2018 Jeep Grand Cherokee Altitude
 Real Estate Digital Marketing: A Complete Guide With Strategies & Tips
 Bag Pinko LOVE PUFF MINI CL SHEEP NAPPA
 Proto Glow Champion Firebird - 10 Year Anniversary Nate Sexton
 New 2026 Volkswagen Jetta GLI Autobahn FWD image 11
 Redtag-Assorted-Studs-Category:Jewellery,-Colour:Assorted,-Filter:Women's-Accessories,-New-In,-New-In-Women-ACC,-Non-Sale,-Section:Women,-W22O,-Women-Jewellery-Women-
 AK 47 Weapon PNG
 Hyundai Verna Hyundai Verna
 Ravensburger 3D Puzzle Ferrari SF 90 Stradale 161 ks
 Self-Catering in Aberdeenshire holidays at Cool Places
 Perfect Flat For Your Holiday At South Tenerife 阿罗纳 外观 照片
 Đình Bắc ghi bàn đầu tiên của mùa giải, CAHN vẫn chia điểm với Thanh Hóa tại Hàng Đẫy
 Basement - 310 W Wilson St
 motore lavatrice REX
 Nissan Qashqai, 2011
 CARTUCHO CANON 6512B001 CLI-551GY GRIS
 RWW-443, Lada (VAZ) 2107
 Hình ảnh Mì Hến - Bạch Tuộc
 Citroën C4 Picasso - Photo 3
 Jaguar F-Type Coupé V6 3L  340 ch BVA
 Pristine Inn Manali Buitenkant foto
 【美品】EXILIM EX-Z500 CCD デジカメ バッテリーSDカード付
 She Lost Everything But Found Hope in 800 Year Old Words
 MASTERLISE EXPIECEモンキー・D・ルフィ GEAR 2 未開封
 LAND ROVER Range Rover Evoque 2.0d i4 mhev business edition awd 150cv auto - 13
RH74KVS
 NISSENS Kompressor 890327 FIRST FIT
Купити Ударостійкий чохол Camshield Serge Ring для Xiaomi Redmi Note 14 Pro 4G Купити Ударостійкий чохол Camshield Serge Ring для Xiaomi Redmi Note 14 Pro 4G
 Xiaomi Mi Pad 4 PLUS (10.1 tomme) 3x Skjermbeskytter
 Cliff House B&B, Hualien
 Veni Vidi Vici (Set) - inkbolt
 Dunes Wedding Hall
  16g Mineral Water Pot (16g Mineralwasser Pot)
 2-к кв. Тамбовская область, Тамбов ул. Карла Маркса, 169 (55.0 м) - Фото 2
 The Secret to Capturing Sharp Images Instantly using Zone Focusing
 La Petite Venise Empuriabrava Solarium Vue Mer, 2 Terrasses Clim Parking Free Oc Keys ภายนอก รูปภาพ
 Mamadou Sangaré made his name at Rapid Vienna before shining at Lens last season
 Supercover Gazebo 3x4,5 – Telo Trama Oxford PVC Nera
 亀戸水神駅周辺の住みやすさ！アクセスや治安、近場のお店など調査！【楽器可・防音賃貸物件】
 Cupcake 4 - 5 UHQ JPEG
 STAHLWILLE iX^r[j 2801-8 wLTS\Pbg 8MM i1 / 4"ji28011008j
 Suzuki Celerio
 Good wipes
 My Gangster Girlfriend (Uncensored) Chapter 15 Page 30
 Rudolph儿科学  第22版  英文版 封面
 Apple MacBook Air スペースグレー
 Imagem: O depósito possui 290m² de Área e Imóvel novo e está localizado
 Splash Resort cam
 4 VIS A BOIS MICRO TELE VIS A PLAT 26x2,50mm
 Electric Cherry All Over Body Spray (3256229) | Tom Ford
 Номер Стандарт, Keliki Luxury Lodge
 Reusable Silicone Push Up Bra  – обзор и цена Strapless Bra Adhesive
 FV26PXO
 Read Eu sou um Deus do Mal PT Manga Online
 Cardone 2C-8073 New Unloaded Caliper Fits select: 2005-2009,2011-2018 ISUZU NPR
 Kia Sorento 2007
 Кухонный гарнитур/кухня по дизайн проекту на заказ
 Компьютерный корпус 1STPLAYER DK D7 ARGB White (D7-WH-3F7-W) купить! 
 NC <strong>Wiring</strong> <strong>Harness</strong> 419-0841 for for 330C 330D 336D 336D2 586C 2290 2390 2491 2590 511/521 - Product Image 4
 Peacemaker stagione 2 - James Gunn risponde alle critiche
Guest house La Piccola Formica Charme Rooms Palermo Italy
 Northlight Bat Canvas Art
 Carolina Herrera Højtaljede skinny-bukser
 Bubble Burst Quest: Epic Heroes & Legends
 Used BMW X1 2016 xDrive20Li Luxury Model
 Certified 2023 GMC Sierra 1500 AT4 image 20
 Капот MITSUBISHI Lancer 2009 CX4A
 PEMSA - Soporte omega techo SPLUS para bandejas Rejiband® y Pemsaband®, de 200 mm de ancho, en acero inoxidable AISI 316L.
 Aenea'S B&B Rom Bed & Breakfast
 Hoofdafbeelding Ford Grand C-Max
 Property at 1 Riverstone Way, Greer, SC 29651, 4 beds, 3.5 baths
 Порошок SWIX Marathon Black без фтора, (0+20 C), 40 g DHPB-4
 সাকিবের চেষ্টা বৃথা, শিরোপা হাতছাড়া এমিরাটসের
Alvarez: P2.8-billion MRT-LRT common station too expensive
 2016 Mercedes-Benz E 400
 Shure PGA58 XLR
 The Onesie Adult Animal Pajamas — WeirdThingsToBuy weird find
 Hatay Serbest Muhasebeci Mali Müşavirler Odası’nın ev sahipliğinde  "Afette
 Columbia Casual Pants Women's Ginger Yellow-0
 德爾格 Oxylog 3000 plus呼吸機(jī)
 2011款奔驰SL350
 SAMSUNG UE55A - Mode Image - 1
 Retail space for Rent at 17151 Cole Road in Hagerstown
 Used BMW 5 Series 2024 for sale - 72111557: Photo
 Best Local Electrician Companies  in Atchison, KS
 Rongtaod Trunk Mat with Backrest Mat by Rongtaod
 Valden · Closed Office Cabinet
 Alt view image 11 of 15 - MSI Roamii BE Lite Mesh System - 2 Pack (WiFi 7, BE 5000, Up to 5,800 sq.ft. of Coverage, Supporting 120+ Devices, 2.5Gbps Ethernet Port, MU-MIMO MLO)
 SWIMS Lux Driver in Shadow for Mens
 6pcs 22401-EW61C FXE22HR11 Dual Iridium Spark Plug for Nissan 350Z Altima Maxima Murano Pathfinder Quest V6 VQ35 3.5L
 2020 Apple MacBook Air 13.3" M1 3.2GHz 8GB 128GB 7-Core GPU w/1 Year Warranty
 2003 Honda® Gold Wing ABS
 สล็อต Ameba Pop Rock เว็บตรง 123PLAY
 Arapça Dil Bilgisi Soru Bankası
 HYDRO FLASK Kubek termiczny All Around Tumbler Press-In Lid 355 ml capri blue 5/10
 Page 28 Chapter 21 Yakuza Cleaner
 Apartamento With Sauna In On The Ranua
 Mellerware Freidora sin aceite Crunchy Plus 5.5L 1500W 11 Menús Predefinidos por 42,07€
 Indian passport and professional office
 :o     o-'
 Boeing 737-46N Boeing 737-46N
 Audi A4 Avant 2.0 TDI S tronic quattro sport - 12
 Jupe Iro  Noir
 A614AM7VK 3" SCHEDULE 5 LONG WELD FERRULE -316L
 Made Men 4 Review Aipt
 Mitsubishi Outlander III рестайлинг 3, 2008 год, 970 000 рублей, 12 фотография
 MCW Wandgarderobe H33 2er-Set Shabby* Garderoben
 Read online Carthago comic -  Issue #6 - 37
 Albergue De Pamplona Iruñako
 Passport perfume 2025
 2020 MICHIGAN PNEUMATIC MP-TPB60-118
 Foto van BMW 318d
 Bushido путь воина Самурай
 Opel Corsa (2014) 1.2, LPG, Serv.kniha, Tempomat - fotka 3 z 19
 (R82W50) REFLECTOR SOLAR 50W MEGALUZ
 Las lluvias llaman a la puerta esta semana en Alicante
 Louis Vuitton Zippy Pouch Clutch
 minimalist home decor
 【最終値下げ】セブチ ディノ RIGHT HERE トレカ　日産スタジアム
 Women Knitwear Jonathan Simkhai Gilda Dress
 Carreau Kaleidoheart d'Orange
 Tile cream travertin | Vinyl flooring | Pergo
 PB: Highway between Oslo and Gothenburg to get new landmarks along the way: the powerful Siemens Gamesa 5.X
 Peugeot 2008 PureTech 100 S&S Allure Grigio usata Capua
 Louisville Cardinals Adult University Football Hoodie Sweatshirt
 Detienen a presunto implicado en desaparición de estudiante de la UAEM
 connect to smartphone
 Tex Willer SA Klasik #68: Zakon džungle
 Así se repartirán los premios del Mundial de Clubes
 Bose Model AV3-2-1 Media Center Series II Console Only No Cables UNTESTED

☆ ☆ ☆ ☆ ☆

How to complete this task => Transcribe the records above from the line holding "Best Local Electrician" down to the line holding "Made Men 4 Review Aipt", inclusive, without adding anything.

Answer below =>
 Best Local Electrician Companies  in Atchison, KS
 Rongtaod Trunk Mat with Backrest Mat by Rongtaod
 Valden · Closed Office Cabinet
 Alt view image 11 of 15 - MSI Roamii BE Lite Mesh System - 2 Pack (WiFi 7, BE 5000, Up to 5,800 sq.ft. of Coverage, Supporting 120+ Devices, 2.5Gbps Ethernet Port, MU-MIMO MLO)
 SWIMS Lux Driver in Shadow for Mens
 6pcs 22401-EW61C FXE22HR11 Dual Iridium Spark Plug for Nissan 350Z Altima Maxima Murano Pathfinder Quest V6 VQ35 3.5L
 2020 Apple MacBook Air 13.3" M1 3.2GHz 8GB 128GB 7-Core GPU w/1 Year Warranty
 2003 Honda® Gold Wing ABS
 สล็อต Ameba Pop Rock เว็บตรง 123PLAY
 Arapça Dil Bilgisi Soru Bankası
 HYDRO FLASK Kubek termiczny All Around Tumbler Press-In Lid 355 ml capri blue 5/10
 Page 28 Chapter 21 Yakuza Cleaner
 Apartamento With Sauna In On The Ranua
 Mellerware Freidora sin aceite Crunchy Plus 5.5L 1500W 11 Menús Predefinidos por 42,07€
 Indian passport and professional office
 :o     o-'
 Boeing 737-46N Boeing 737-46N
 Audi A4 Avant 2.0 TDI S tronic quattro sport - 12
 Jupe Iro  Noir
 A614AM7VK 3" SCHEDULE 5 LONG WELD FERRULE -316L
 Made Men 4 Review Aipt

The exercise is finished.